El dolor, por lo tanto, entra en nuestra vida de distintas maneras. Como algo esperado o como una sorpresa que nos coge impreparados; como algo temido o como algo aceptado; como algo fortuito o como parte de un designio que nos supera y nos invita a entrar en otras dimensiones de la vida humana.
Querer excluir el dolor en nuestro día es como pretender vivir encapsulados. Porque parte del dinamismo de la vida consiste precisamente en ese dar y recibir que nos asusta y nos alegra, que nos llena de miedos o de esperanzas, que permite un momento de alivio o el inicio de nuevos dolores en el cuerpo o en el espíritu.
No podemos vivir sin el dolor, porque no podemos vivir sin acoger y sin dar. Con realismo, entonces, es posible aceptar el dolor como ingrediente necesario, como momento irrenunciable de los mil caminos que pisan cada día nuestros pies cansados.

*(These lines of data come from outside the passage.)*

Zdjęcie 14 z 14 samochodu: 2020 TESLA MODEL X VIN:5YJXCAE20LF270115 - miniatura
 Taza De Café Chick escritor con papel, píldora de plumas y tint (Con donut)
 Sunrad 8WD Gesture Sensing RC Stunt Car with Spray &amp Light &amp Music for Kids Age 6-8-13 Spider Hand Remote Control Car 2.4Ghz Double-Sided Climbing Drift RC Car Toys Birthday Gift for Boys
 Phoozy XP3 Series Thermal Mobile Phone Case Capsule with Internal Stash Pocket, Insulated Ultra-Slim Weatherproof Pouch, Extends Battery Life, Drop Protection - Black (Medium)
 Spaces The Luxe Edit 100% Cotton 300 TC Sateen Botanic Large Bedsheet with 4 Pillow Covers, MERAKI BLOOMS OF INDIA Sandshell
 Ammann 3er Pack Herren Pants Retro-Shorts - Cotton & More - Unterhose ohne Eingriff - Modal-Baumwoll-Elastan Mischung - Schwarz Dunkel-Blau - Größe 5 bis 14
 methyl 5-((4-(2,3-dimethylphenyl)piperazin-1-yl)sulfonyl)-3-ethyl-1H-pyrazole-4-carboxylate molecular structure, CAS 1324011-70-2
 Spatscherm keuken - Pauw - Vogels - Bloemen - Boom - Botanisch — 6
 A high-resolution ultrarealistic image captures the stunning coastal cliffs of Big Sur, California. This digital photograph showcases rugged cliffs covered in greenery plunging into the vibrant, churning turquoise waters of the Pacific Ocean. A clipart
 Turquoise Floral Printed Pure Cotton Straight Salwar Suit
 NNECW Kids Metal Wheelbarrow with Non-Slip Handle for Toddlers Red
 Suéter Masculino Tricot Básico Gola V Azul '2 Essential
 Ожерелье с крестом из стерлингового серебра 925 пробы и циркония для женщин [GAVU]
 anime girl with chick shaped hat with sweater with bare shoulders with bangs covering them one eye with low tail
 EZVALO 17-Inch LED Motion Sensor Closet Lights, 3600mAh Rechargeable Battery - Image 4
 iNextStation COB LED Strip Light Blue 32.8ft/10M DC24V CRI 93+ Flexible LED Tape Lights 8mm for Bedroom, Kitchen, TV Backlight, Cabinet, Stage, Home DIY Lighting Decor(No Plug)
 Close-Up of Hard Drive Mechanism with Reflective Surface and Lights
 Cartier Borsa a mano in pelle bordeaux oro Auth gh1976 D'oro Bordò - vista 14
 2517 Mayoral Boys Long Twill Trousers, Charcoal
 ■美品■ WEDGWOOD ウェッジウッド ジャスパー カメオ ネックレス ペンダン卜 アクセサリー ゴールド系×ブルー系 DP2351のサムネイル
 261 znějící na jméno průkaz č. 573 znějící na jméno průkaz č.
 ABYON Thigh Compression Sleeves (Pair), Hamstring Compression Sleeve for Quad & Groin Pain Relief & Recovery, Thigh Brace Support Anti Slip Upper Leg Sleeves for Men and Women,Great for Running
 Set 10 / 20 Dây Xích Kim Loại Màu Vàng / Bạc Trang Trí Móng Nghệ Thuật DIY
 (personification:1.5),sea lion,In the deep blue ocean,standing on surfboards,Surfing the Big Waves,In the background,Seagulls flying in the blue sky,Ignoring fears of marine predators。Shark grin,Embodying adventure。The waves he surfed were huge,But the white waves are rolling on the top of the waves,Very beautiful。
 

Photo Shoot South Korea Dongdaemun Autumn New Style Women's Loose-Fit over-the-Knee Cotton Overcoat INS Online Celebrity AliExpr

Quizá el dolor sería menos intenso y menos “sufrido” si lo asumiésemos como parte de la propia existencia, si no nos rebelásemos inútilmente contra sus mordidas, si no buscásemos posturas más cómodas que no son sino esfuerzos vanos por posponer algo que siempre llega a los que somos caminantes de la vida.
Incluso, seguramente es lo más difícil, también podemos acoger esa pena profunda que sentimos al presenciar el dolor ajeno. Todos estamos en la misma barca, todos caminamos bajo soles de plomo o bajo lluvias molestas. El dolor del prójimo es parte de mi dolor, es parte de mi caminar humano; porque también él, como yo, avanza hacia nuevas metas en cada uno de los avatares de la vida incierta.
Sufrir con paciencia, sufrir con esperanza, sufrir con alegría, sufrir junto a quien llora y ama a nuestro lado. Parece difícil, pero es posible. Sin necesidad de recurrir a filosofías extrañas, sin tener que convertirnos en estoicos impertérritos o en budistas del nirvana. Para un cristiano, el dolor es parte del camino de la Pascua: morir para vivir, dar esa vida que recibimos y que es bella precisamente cuando nos damos. Dejar que Dios modele el propio cuerpo y el propio corazón sin llorar porque perdimos fuerzas, autonomía, inteligencia o bellezas pasajeras.
Más adelante y más adentro el alma inicia aventuras de amor insospechadas. Al contemplar a Cristo en la cruz sangrando; al escuchar, con la emoción fresca de creyentes sinceros, que el sepulcro está vacío, que el cielo es la meta de quienes amaron entre lágrimas, de quienes dieron su vida, gota a gota, por servir a familiares, amigos y compañeros ocasionales durante el breve, intenso y doloroso camino de la historia humana.